Since early November, Durango-area residents have participated in a public discussion of recreation at Lake Nighthorse. Through a multi-step collaborative process, people listened to one another in order to understand each other’s perspectives, issues, ideas and concerns, and then worked together to find shared solutions that took all of those various perspectives into account. It has been no easy task, but through collaboration and dialogue, a community found ways to share Lake Nighthorse.
Lake Nighthorse, a 1,500-surface-acre reservoir, is a Bureau of Reclamation project that is part of a decades-long water rights settlement. Federal funding for recreation was cut out of the authorizing legislation in an amendment in 2000. Because of state budget challenges, Colorado State Parks is unable to fund planning and management of Lake Nighthorse at this time.
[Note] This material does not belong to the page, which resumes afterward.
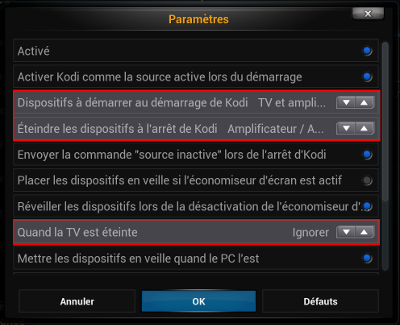 Capture décran paramètres CEC Kodi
Not wanting Durango to miss a rare opportunity, the Animas-La Plata Water Conservancy District took on the task of exploring possibilities for recreation at Lake Nighthorse. Before public access to the reservoir will be allowed, a recreation master plan must be in place and a recreation management entity must be identified.
The district applied to my program, the National Park Service Rivers, Trails & Conservation Assistance Program, for help planning. My role has been to provide the process for community members to determine the recreational future of Lake Nighthorse.
From the beginning, it was clear that there is a wide spectrum of passionate views about recreation at Lake Nighthorse. On one end was the sentiment that all user-types should be able to use this public resource – including a full menu of motorized uses. The other side thought the lake should be preserved solely for wildlife and no motorized uses should be allowed. Most people supported motorized use with restrictions.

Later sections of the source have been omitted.